*Work to complete*
Output only the lines below that start at the line containing "Ford Focus Kombi 1.6-16V Ghia , 36-TR-DP" and end at the line containing "Maison Du Jeu", with both ends kept.

[Caption-style text data]
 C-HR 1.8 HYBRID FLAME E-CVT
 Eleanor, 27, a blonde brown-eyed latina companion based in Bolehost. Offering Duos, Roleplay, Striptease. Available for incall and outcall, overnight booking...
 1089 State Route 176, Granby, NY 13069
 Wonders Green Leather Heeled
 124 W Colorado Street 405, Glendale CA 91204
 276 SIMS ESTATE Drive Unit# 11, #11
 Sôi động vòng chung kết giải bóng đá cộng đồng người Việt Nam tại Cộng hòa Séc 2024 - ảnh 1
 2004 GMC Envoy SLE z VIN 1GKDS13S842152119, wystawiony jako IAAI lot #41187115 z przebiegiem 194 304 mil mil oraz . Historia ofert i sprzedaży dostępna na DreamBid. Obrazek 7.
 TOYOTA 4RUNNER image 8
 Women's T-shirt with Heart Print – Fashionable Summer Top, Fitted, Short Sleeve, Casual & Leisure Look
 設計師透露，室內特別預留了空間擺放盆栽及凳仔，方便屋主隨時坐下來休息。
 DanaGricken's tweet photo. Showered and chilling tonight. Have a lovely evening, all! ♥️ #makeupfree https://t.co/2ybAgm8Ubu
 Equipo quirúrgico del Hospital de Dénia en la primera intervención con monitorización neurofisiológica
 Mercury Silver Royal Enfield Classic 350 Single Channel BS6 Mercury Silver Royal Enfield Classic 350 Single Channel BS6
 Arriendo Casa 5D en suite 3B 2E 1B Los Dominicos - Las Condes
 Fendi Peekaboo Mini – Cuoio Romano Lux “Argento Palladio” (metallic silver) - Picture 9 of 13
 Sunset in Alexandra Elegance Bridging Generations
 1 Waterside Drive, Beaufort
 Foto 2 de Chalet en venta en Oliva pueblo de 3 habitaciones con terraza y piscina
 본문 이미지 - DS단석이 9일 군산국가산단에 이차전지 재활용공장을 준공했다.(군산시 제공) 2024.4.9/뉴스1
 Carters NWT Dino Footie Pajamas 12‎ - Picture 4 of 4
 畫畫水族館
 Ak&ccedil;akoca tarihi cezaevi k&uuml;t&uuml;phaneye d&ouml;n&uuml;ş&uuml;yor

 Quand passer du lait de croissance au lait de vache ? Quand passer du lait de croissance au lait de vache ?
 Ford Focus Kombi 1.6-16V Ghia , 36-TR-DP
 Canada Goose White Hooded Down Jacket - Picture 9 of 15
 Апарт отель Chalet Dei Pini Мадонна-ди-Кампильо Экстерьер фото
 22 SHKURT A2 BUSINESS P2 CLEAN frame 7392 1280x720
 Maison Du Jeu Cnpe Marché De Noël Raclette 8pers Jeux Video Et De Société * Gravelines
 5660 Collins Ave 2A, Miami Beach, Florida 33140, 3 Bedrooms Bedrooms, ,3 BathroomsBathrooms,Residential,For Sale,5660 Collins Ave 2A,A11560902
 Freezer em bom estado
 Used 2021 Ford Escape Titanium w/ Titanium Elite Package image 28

*Expected answer*
 Ford Focus Kombi 1.6-16V Ghia , 36-TR-DP
 Canada Goose White Hooded Down Jacket - Picture 9 of 15
 Апарт отель Chalet Dei Pini Мадонна-ди-Кампильо Экстерьер фото
 22 SHKURT A2 BUSINESS P2 CLEAN frame 7392 1280x720
 Maison Du Jeu Cnpe Marché De Noël Raclette 8pers Jeux Video Et De Société * Gravelines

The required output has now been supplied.